There's https://wikitech.wikimedia.org/wiki/Incident_documentation but also https://phabricator.wikimedia.org/project/query/all/?after=incid with two existing tags so far.
But true, that might be less searchable for if you wanted to get a list.
Topic needs some policy and agreement it seems so we're not having stuff in several places.

See previous discussion in T929. Might want to close this as a dup and argument there instead, to have discussion in one place?

@Aklapper, lets use this issue to discuss the new proposal. I added a pointer in T929.

meta-comment: I want to make sure SRE is on board with any change given the incident report process came out of their group explicitly. So, let's bring this up in one of the weekly ops meetings?

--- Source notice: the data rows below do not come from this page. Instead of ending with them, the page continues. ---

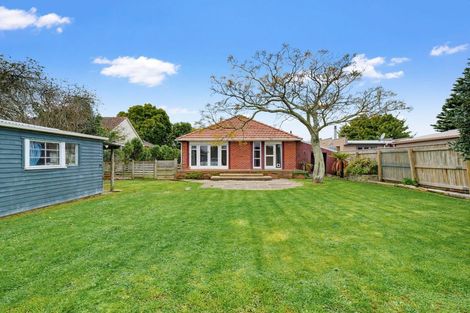 Photo of property in 59 Weston Avenue, Roslyn, Palmerston North, 4414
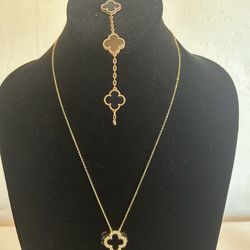 Van Cleef 4 leaf Clover bracelet. 7" And Chains.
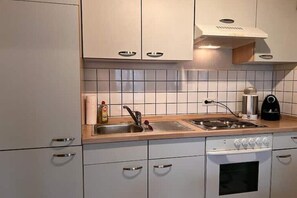 Fridge, microwave, oven, stovetop - Retro 2 | Am Münster | seeglueck (Konstanz)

In T85889#966759, @greg wrote:

meta-comment: I want to make sure SRE is on board with any change given the incident report process came out of their group explicitly. So, let's bring this up in one of the weekly ops meetings?

Has that happened yet?
Assuming "no", who plans to bring this up and should be the task assignee here? ;)

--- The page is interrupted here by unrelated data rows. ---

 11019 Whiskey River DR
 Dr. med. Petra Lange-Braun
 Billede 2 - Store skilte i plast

@Aklapper, we did bring it up & heard some positive noises, but I think a final decision was not yet made. @greg should know more.

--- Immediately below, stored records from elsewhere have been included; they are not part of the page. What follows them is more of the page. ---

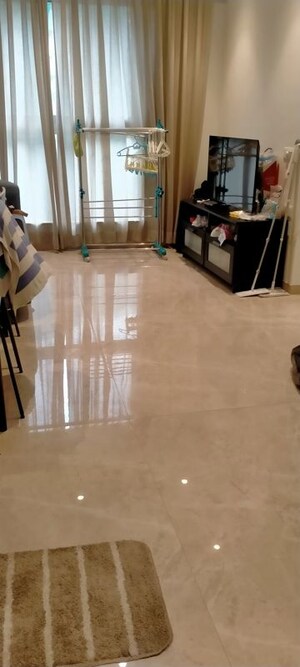 Room in 1 BHK Apartment at Hiranandani Regent Hill, Powai – for Sale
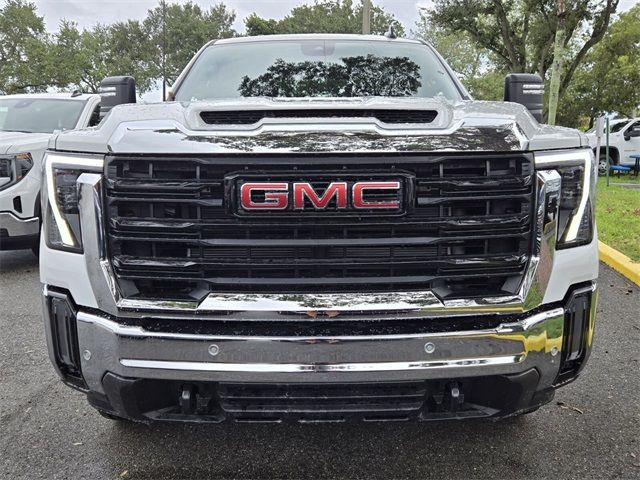 2025 GMC Sierra 2500HD Pro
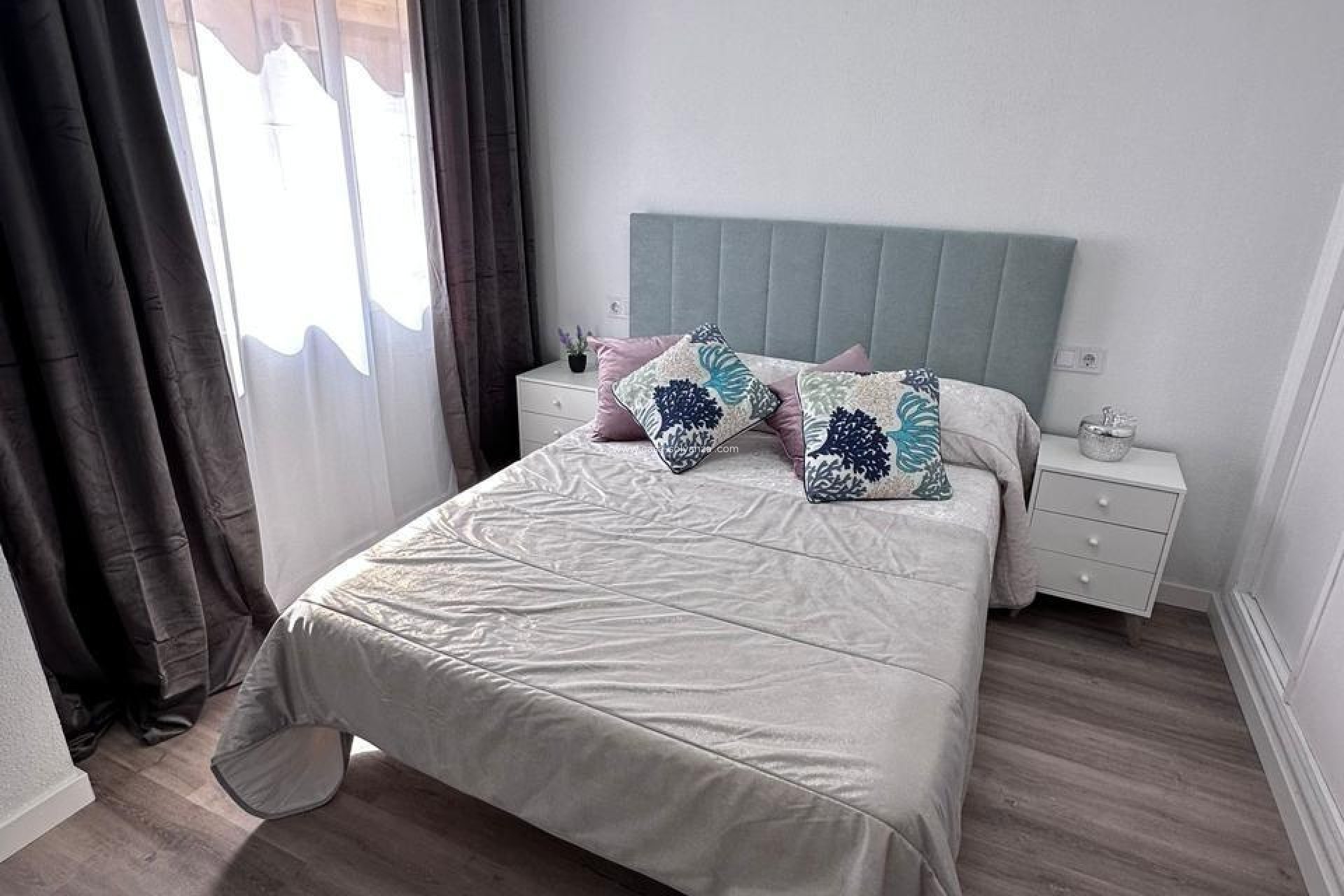 Herverkoop - Appartement / flat - Torrevieja - Centro - Muelle Pesquero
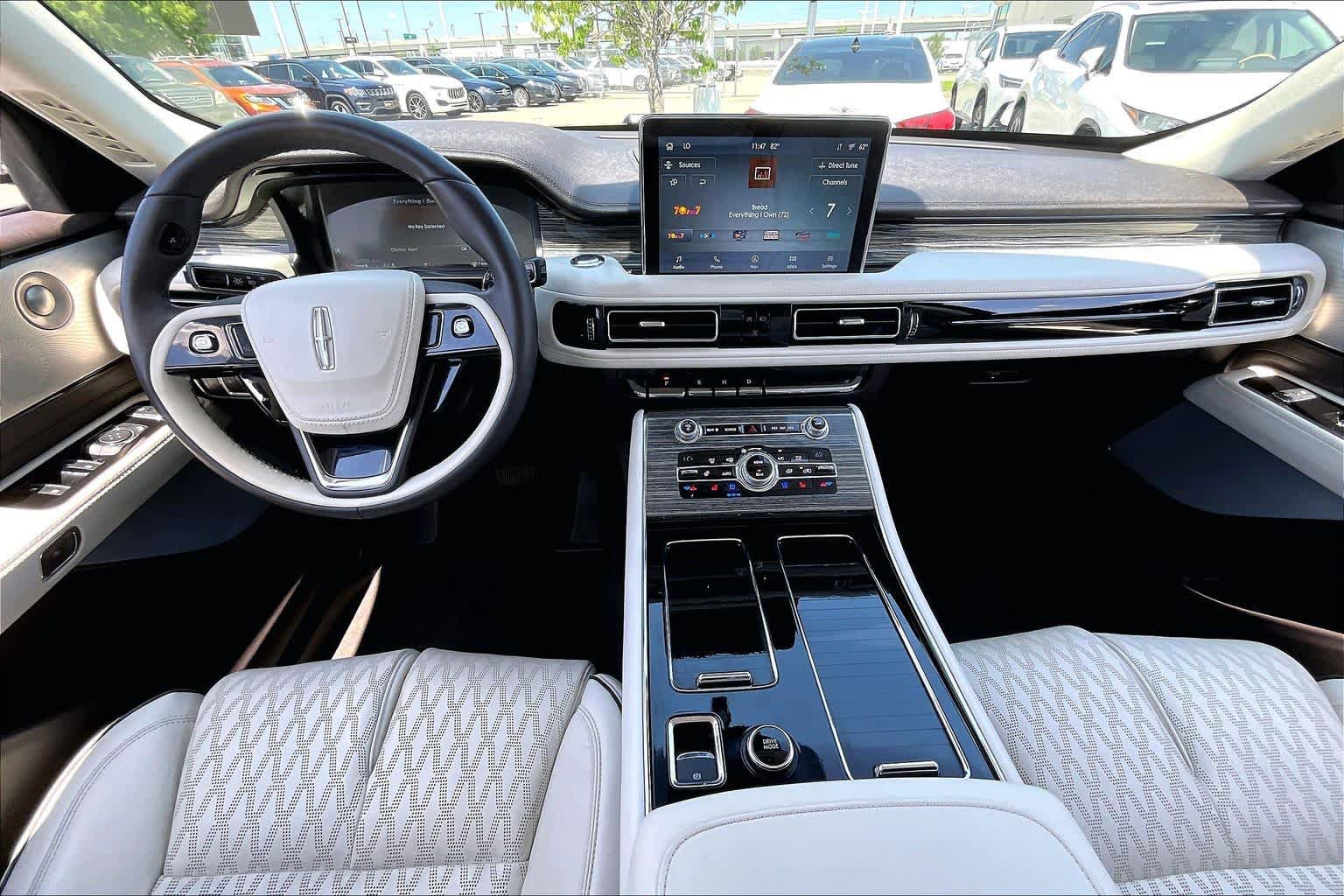 Used 2020 Lincoln Aviator Black Label w/ Dynamic Handling Package AWD/4WD image 13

@Aklapper, we did bring it up & heard some positive noises, but I think a final decision was not yet made. @greg should know more.

What he said. Next Ops meeting I guess.

Aklapper changed the task status from Open to Stalled.Feb 10 2015, 1:30 AM

Setting status to "stalled" - feel free to set back to open once this has been discussed and decided.

GWicke changed the task status from Stalled to Open.Mar 13 2015, 4:51 AM

We now have several individual incidents on phabricator, but no project / tag to unify them in.

Any objections against creating this tag?

Yes, two objections.

  1. I'd prefer someone to first push the actual *social* part (acceptance of proposed workflow!) of the process instead of creating more projects in Phabricator. Looking at https://wikitech.wikimedia.org/wiki/Incident_documentation I see enough recent outages that have no corresponding Phab project at all. Maybe that's even fine, don't know, but initial sentence of this task is: "We currently track incidents on wikitech, but track the follow-ups here on phabricator. I think it's worth considering tracking both on phab." We're far away from that it seems, with some additional tag or without that additional tag.
  1. Ticket is stalled because of T85889#990027. Not handled yet (or missing its outcome in this ticket).

We did talk about it & everybody seemed to be in favor, but never made a final decision. @greg, could you chime in on current status?

I prefer to stay with what we have now. I'm swamped on time and can't keep all the various wikis and projects in alignment always. I have been creating per-incident projects when I'm involved with the incident (contrary to popular belief, I'm not always :) ).

What we have now is: wikitech pages and per-incident project.

I might just replace the wikitech page with the phab project, eg: https://phabricator.wikimedia.org/project/profile/1125/ (the description, while short, is basically the outage report, this was a quick and obvious outage with clear follow up, hence not being very extensive).

Aklapper claimed this task.

I'm declining as per last comment (status could be reopened at any time)